The method which operates on the reduced vector (`res1`

) is about 0.66 times faster than that which operates on each vector at a time (`res2`

). The method which flattens and then uses the first method is much slower, obviously (`res3`

). **How can I get the best performance out of this?**

Some extra notes: My data comes in as vectors of vectors, so the first method isn’t too useful for my case, but I figure there must be some way to get closer to it without already having flattened the vectors.
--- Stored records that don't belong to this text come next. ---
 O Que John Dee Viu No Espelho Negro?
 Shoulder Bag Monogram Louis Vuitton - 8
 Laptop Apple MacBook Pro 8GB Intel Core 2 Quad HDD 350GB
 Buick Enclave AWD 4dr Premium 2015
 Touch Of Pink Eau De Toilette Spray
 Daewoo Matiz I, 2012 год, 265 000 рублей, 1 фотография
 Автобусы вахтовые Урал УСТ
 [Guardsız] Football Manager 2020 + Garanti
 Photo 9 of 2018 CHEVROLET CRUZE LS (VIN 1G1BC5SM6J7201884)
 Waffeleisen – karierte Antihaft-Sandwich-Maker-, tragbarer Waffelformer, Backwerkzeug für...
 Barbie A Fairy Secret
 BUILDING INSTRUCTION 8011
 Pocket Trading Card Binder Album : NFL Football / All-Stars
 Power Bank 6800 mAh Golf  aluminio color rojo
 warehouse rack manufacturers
The inputs `x`

and `μ`

I’m using will always have the same length in the individual vectors (i.e. `length(x[i]) == length(μ[i]) == length(x[1])`

for all `i in 1:length(x)`

), though I can’t use a matrix since `μ`

is given to me as a vector of vectors to start with.